We aimed to develop a new data-driven approach for clinical trial design and patient stratification in the ICU using machine learning and artificial intelligence. Our goal was to build a predictive model to select ARDS patients, independent of the underlying etiology, who will have a sufficiently long disease course to benefit from a proposed therapy. Such a system would ensure that a patient recruited for a trial would likely still be in an ARDS state by the time the proposed therapy can affect the patient’s outcome. The model uses data from electronic health records and patient monitoring to automatically predict a patient’s future ARDS course (Fig. 1).

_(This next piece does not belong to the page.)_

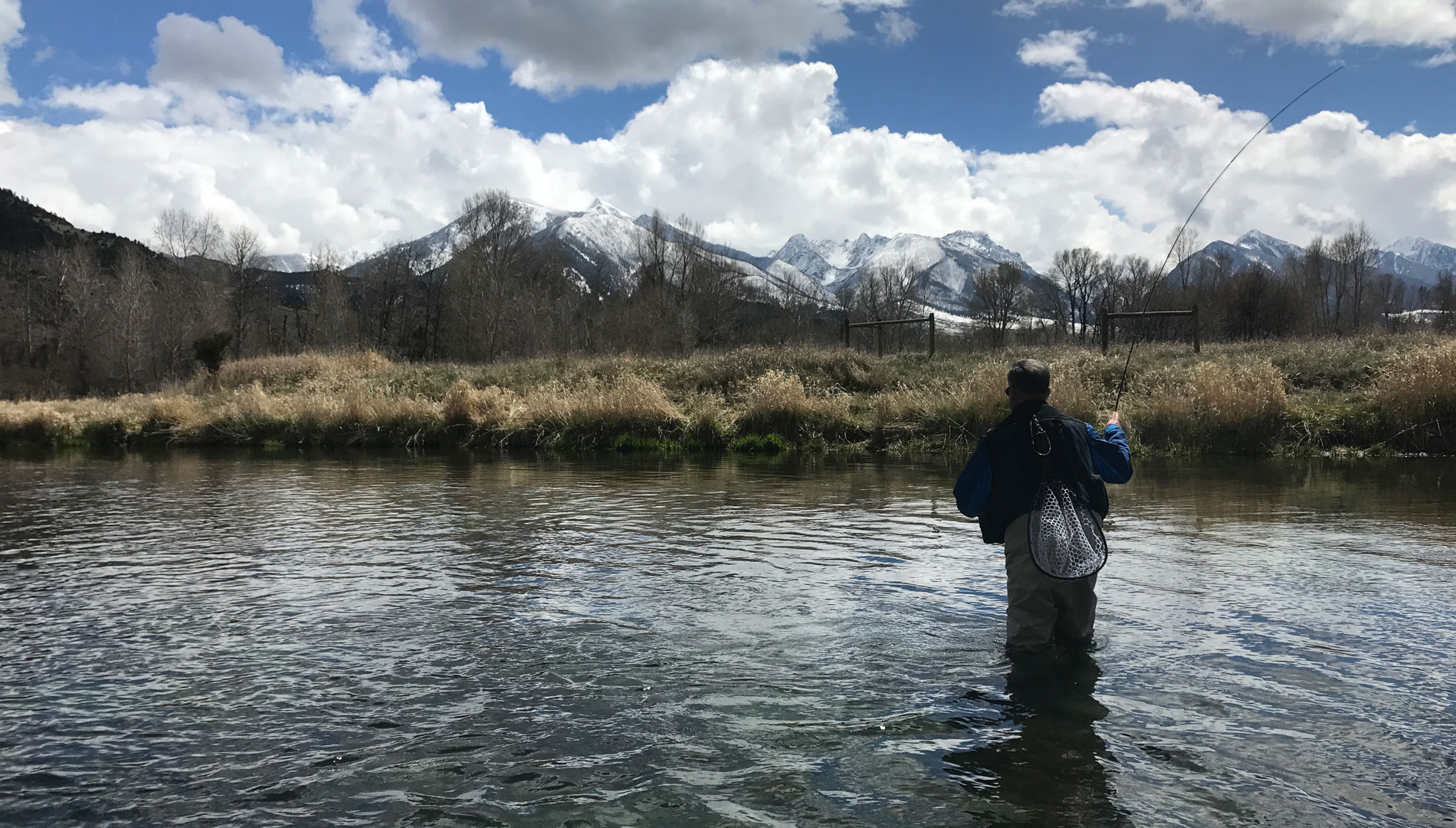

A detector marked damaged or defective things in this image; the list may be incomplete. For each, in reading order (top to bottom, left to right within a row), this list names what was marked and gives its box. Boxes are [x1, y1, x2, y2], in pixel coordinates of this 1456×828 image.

To demonstrate a possible application example for our approach, we defined subpopulations based on their prospective outcome 24 h after enrollment. If the drug candidate under investigation is known to have a delayed impact on the disease course, it is essential to only include patients into the trial that are predicted to live for a certain period, giving the drug a chance to display its potential.

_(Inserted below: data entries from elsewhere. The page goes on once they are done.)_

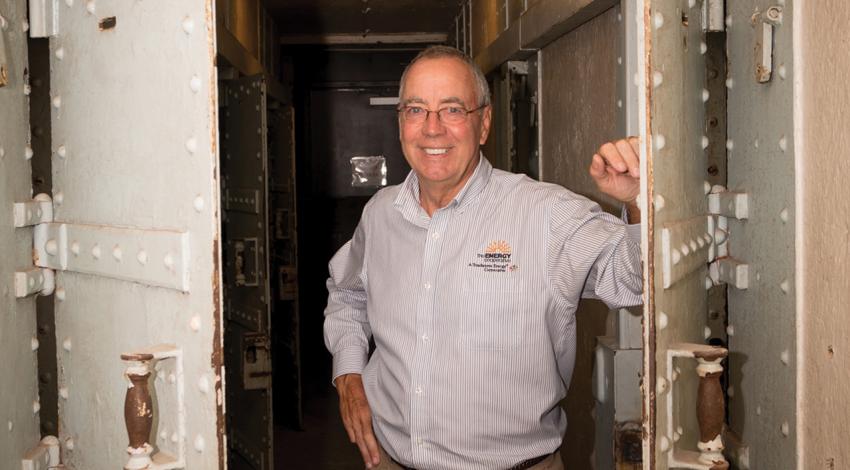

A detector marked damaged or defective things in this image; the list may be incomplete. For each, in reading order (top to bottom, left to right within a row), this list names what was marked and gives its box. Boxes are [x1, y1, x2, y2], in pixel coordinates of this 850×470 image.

rusted metal bracket [119, 344, 184, 468]
rusted metal bracket [664, 342, 728, 470] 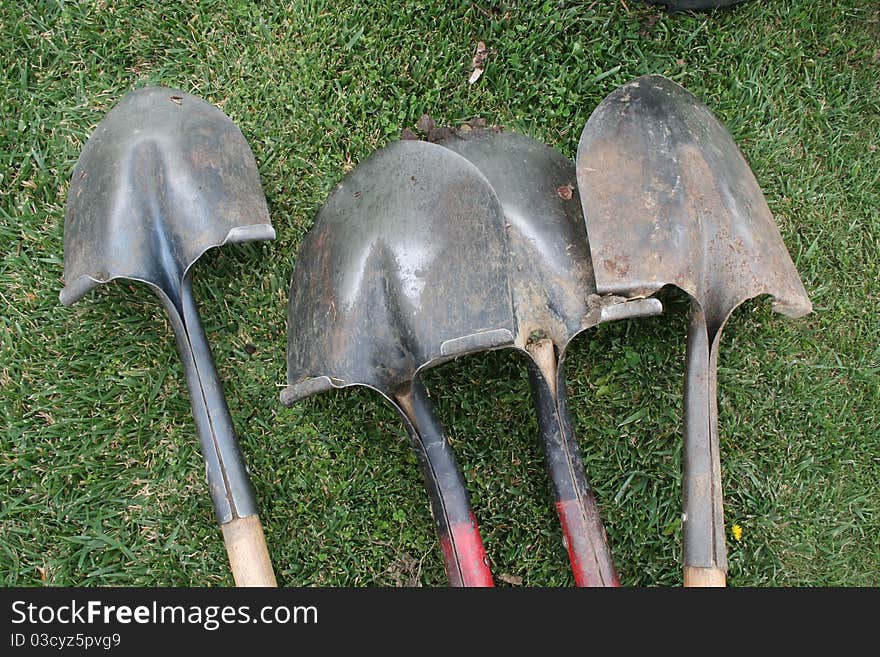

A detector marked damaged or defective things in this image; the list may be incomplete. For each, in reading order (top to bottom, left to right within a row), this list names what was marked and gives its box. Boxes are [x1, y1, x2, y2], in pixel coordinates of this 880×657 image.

rusty shovel blade [61, 87, 276, 584]
rusty shovel blade [576, 75, 812, 584] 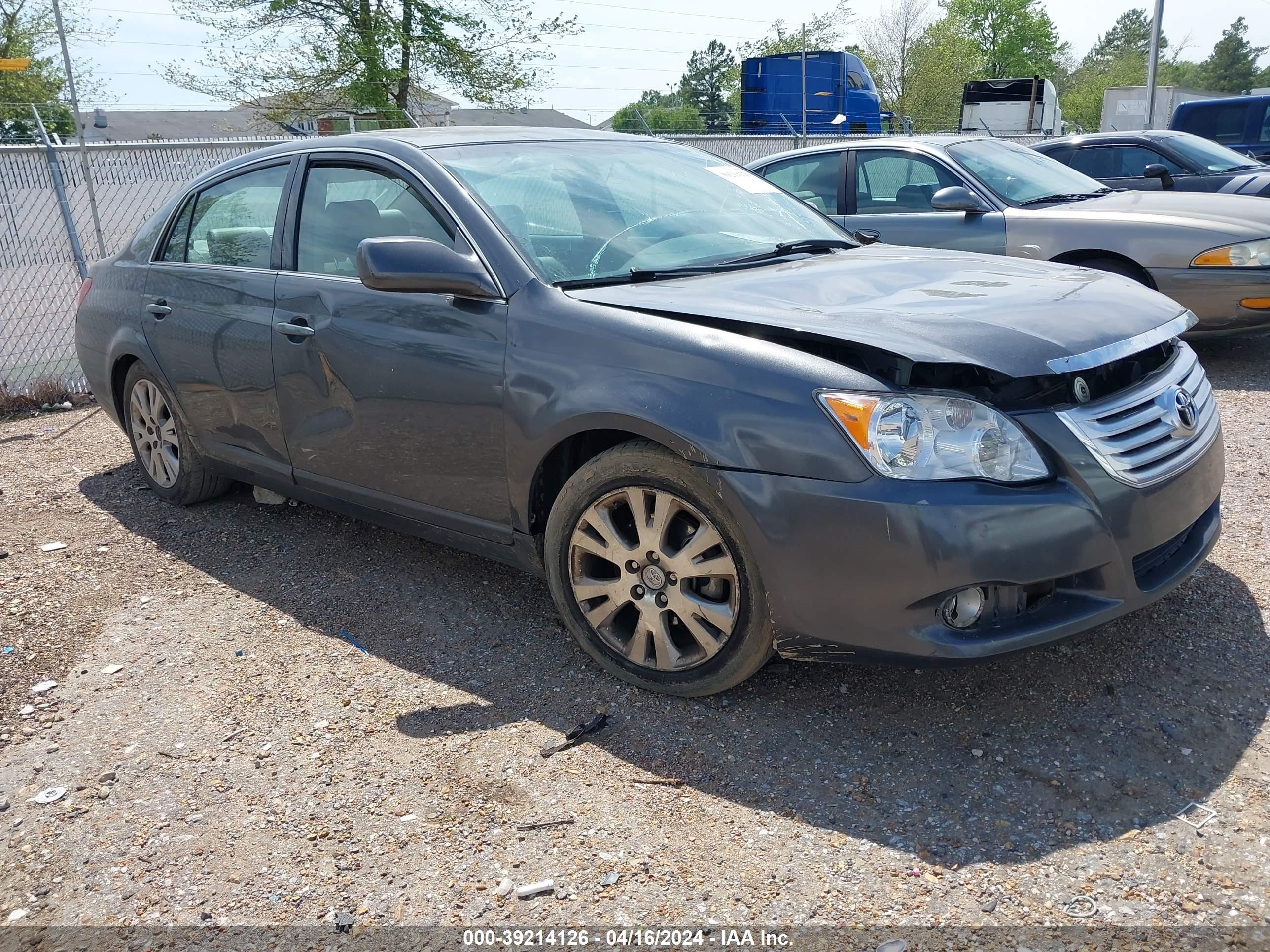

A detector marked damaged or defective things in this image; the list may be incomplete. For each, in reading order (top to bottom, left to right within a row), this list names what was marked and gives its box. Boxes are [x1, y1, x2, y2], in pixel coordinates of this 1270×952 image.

crumpled hood [1033, 187, 1270, 238]
crumpled hood [568, 246, 1191, 380]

To build our model, we leveraged data from more than 50,000 ICU stays with ARDS. The database was comprised of data from over 700 ICUs from across the United States, from both small rural hospitals and large urban teaching hospitals. ARDS severity and demographics (Fig. 3) within our cohort was very similar to that previously reported by Bellani and colleagues2. Higher mortality in the Bellani cohort may be due to the fact that Bellani’s study was conducted mainly during the winter months, whereas our ARDS cohort comprises patients from multiple years. This is also reflected in the ICU length of stay; on average, Bellani et al.’s patients spent a day longer on ICU than patients from the eRI database. The size of our cohort allows for higher resolution analysis, adds significant power to previous findings, and contributes to the confidence into our predictive AI model. On the other hand, large multiyear, multi-institution datasets hold a potential bias of unaccounted-for changes or variations in practice, particularly if these are associated with the number of ARDS patients identified. However, such variation is also a strength of our model, increasing the likelihood that it will generalize well across institutions with different protocols and care practices.

One interesting finding from the univariate analysis was that overdose, coronary artery bypass graft (CABG), and central-nervous-system-related admission diagnoses (like neoplasms or seizures, see Supplementary Table 3), were negatively associated with the long-stay ARDS disease course but positively associated with spontaneous recovery (Fig. 4b, c). This suggests that these indirect insults only have a transient effect on lung function, with a high probability for spontaneous recovery, making these patients unsuitable for drugs targeting ARDS in clinical trials. Another interesting finding was that elevated pulmonary artery pressure was negatively associated with spontaneous recovery but positively correlated with a long-stay outcome, consistent with the research performed by Calcaianu and colleagues21.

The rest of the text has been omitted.